→ Work instructions
Exactly as written, please repeat the data that follows, but not the pictures.

→ Provided data
-- -- --

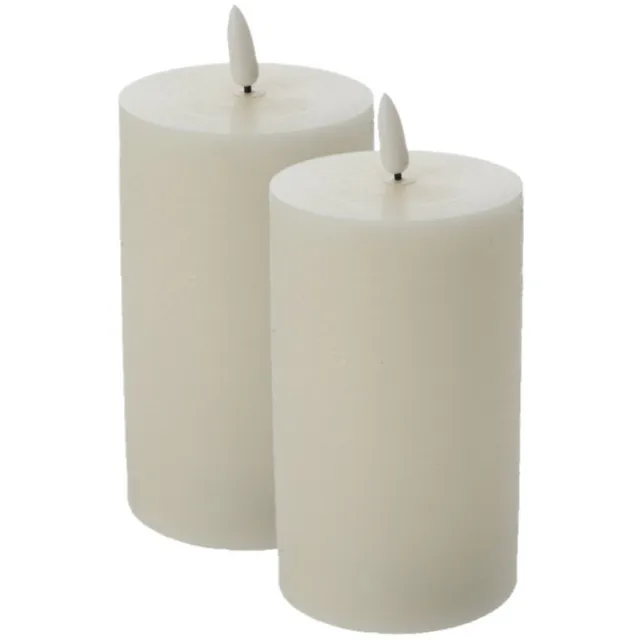 Cepewa Firenze Home LED kaars - 2x - creme wit - D7,5 x H12,5 cm - met timer - stompkaarsen - sfeerkaarsen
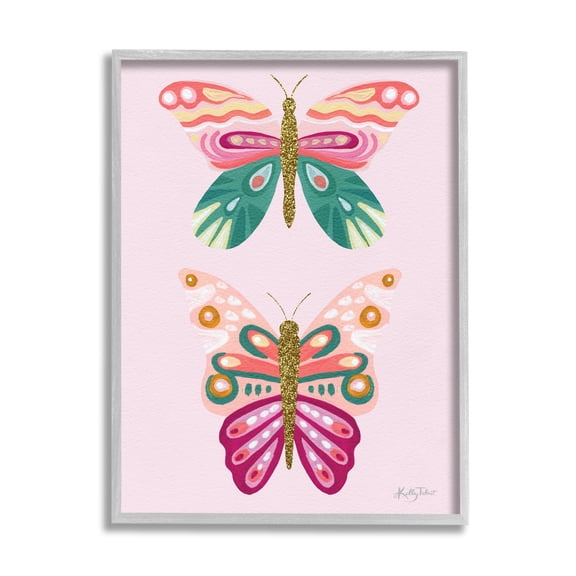 Stupell Industries Pretty Glittery Butterflies Collage Pattern Glam Detail , 11 x 14, Design by Kelley Talent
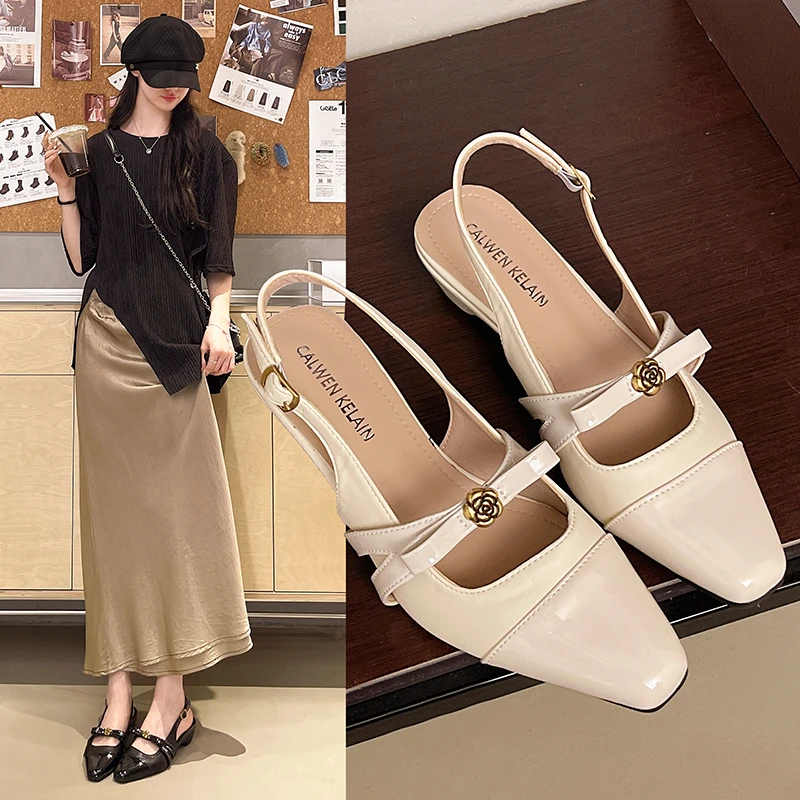 

2026 Sweet Girl Style Camellia One-Strap Open-Back Sandals for Women, Square-Toe, Shallow Mouth, Soft Sole, Retro Elegant Flats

-- -- --

→ Output of the task
 Cepewa Firenze Home LED kaars - 2x - creme wit - D7,5 x H12,5 cm - met timer - stompkaarsen - sfeerkaarsen
 Stupell Industries Pretty Glittery Butterflies Collage Pattern Glam Detail , 11 x 14, Design by Kelley Talent

2026 Sweet Girl Style Camellia One-Strap Open-Back Sandals for Women, Square-Toe, Shallow Mouth, Soft Sole, Retro Elegant Flats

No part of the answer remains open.